C.K.: Well, when you and I first talked about this, you told me the sort of world of it and who I was playing and how he fit in, and my feeling was that this guy was the only person who was not having these problems that the other characters were having. My guy doesn't have layers. He doesn't have to figure out how much of himself to use or how to call another person out. He just does what he's supposed to do. It's interesting because I was watching the movie while my kids were doing their homework, and when it was over, I said, "I'm so relieved that I don't break laws. I'm grateful that I don't have to worry about the shit that these people in the movie are wrestling with." That's probably why I had a good time playing that guy—I think he felt that way, too. It's like, "You people are nuts. You're not supposed to be doing any of these things that you're doing. None of this is okay. You're supposed to be yourself, be honest, follow the law, and take less out of life."
RUSELL: Take less out of life?
C.K.: Yeah. You're not supposed to become something else so you can get more. You're supposed to stay you and get through as yourself, because at least then you can count on that, and you don't have to ask yourself who you are half the time. So my guy was a lot simpler to play. It was good playing with Bradley because he is so unhinged and laser-like and passionate, and it's really fun to be somebody's roadblock.
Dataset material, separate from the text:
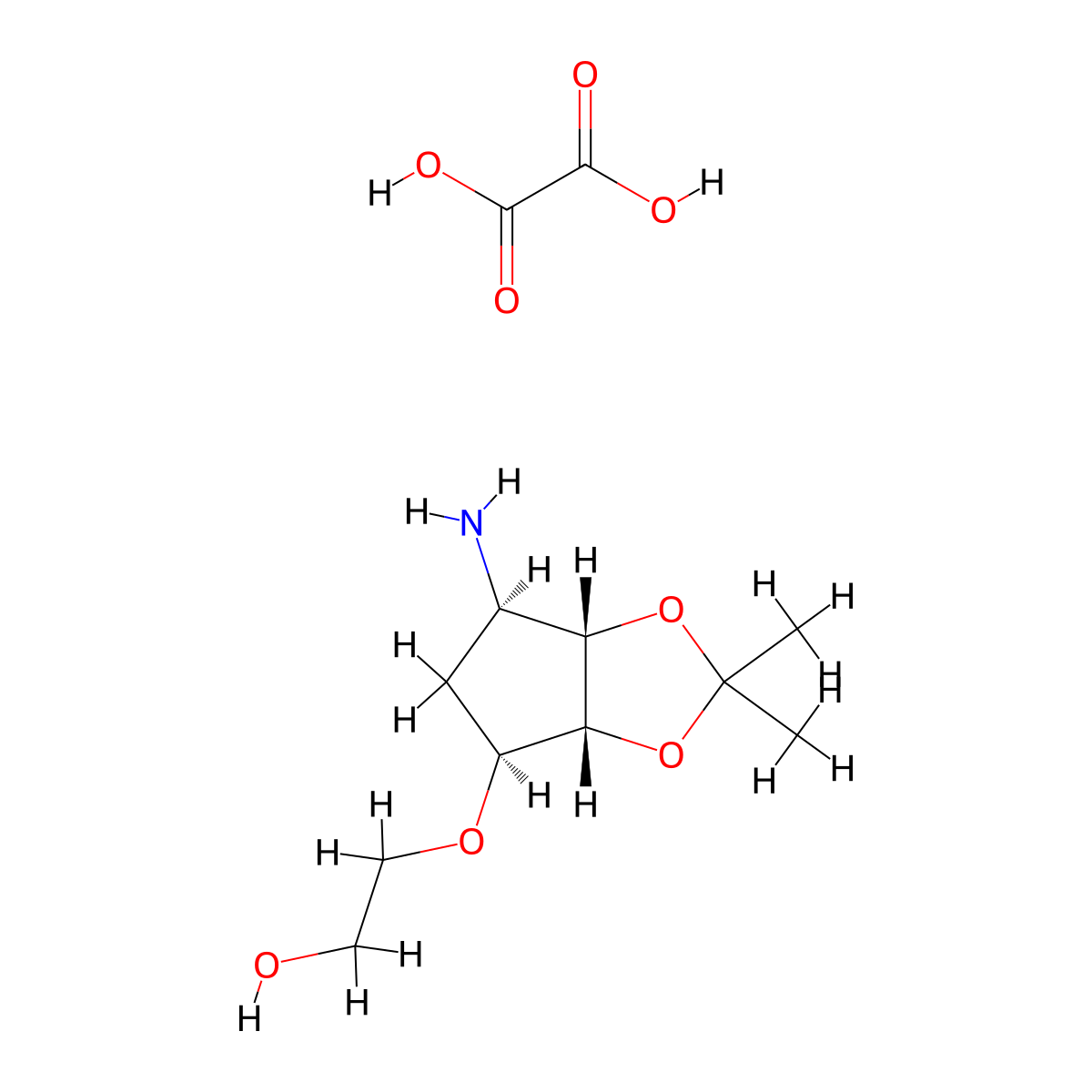 2-(((3aR,4S,6R,6aS)-6-Amino-2,2-dimethyltetrahydro-3aH-cyclopenta[d][1,3]dioxol-4-yl)oxy)ethanol oxalate molecular structure, CAS 1215268-15-7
He's burning in every scene, and I'm simply saying, "No, you can't do this"—it's making him crazy.
when i read this, i as just like, 'holy f--, yes.'
husband and i were walking in a furniture store last saturday, just for fun. (we went to home depot, too.) we have had this hard on about our dream house and about putting some life back into our dreams. we are both really motivated, dream-oriented people, but have both been feeling so dead. we're here for a few more years--he is finishing school--and we don't have a lot of options until then. but there are so many things we would do. move to a big city. quit our jobs and take a risk. risk it all for the sake of an adventure. instead of spontaneous, we are both kind of dying inside. i feel my options and the things i dreamed of--degrees, promotions, art, travel, exploration--slipping away, trying to figure out how to fit in kids and a family. the more i think about, the less urgent and less true to myself it feels to rush in to having a family.
in the furniture store we spent the most time by the desks, talking about exactly what our home offices would look like and what we wanted to do. 'i'm really scared,' i said. 'if i just start having kids and doing the home life thing, i'm just going to become more depressed. we're supposed to start having a family and have kids, but we won't get anything we want if we do that.'
i'm scared. i'm terrified. is it really better to become a mom soon and be a lifeless, beaten down woman? don't i owe it to myself, my husband, and my some-day kids to be full of life and to be a fulfilled person?
going to the movies is therapy for me. i interpreted c.k.'s version of 'being yourself' and not having to 'ask yourself who you are' as being traditional, sticking to the plan, doing the quiet thing and letting your ambitions go. LDS culture says that putting off having a family for personal pursuits is damningly selfish, but i don't know if i'll survive if i don't. in LDS culture, men and women take less out of life in order to become fathers and mothers, to selflessly create, sustain, and protect their families.
i want to do it some day. but if i do it now i won't survive. i want to stretch myself, go out on a limb, and get a little crazy. i don't want to be a drone, and i don't think being one guarantees you heaven. i don't want to be terrifyingly conservative and boring and take less out of life to ensure something i don't think you get by being boring or conservative.